Selling a financial advisory practice is a once in a lifetime event, one that can have a tremendous impact on an advisor’s life and family. Yet too many advisors approach this major occasion in their career with little care and planning, or with straight up avoidance and despair. It’s a case of “the cobbler’s children have no shoes,” in that most advisors fail to seek out professional guidance and to plan their own retirement, despite building a career helping clients plan for theirs. That lack of planning can lead advisors to commit several big mistakes when it comes time to sell their practice.
Waiting Too Long To Start The Process
As mentioned earlier, most advisors fail to put the same forethought and care into planning for their exit from the practice. They often wait until they are in their later years or after the practice has suffered some sort of loss before looking at their options. This is detrimental in two key ways. One, it takes time to find the right successor and prepare them to take over the reins. For an external buyer it can take several months to find the right fit and then another 6 to 12 months to transition the practice. Internal successors may need even more time to build the skills and knowledge to effectively lead the practice and serve clients.
Two, without constant growth practice value will peak, and then decline. This decline in value often comes as a surprise to advisors who plan on using the proceeds from the sale of their practice to fund their next venture or retirement. Planning ahead allows advisors to monitor the trajectory of their practice value and plan the timing of their exit in order to fully monetize the equity they have built over decades of hard work.
Not Getting A Valuation Before Negotiating A Deal
Another big mistake advisors make is relying on “rule of thumb” and other methods to determine the value and price of their practice. Most buyers utilize third-party lending to fund acquisitions. Lenders require a valuation from a qualified source to support the loan amount. Often, selling advisors can learn that they severely undervalued their practice and left hard earned money on the table.

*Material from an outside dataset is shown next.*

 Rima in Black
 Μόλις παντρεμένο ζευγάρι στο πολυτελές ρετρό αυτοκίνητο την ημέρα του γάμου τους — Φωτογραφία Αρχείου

Securing a valuation in advance of a sale also allows an advisor to monitor the trajectory of their practice value and make any necessary adjustments to strengthen the value or to time the sale of their practice. Many advisors have started using valuations as benchmarks and decision-making tools, as they can show how a firm is performing in key metrics and where they can improve. This is also valuable information for a successor who is looking to add value or mitigate any potential issues.
Trying To DIY The Sale
Most advisors aren’t experienced in practice sales. As the old saying goes, “you don’t know what you don’t know.” As one of the biggest assets you own, it’s important to seek out the advice and guidance of an experienced Successions expert. Some provide a comprehensive practice sales platform to help you with everything from determining your practice value and how to position your practice in the market, to sourcing a qualified buyer and helping transition the practice. Others provide a la carte or turnkey deal support solutions for sellers who already have found a successor and simply need help structuring the deal in a way that is equitable for both parties. In either case, the prudent thing to do is to seek out advice from experienced professionals who have the tools, resources, and processes to make your practice sale a success.
Not Exploring All Their Options
Another mistake advisors make is not looking at all possible sources for a successor. It may make sense to leverage a sunsetting program with your broker-dealer, but the right fit advisor may not always be at the same firm. Also, most successions services within a broker-dealer or custodian are often designed to benefit the buyer, who will remain with the firm in the coming years. Advisors should also consider whether they want to sell their practice in phases or all at once, and whether they want to list their practice on the open market or want to work with a M&A consultant with a pool of buyers at a specific broker dealer or region.
Not Helping To Transition Clients and Staff
Finding the right buyer and closing the deal is only part of the process. Getting a practice sale to the finish line successfully requires active participation from the seller throughout. This includes actively communicating with staff and clients and helping the buyer transition accounts over to the new practice. Often, this is where deals fall apart and where unexpected headaches can arise. Legal considerations aside, it’s also critical to an advisor’s legacy to properly transition clients over to the new servicing advisor. You spent years earning your clients’ trust and building a relationship. It’s important to end the engagement with integrity and the same care and concern that you have given them over the course of doing business together.
Bottom line, advisors should plan ahead for their practice sale and leverage the advice of an experienced successions team. It’s a major life event and culminates the end of a career of serving clients. It should be handled with care, with consideration for everyone involved, and be designed to leave a legacy that will make an advisor proud. Advisors should educate themselves on the process, actively plan their succession throughout their career, and leverage resources that will help them do it right.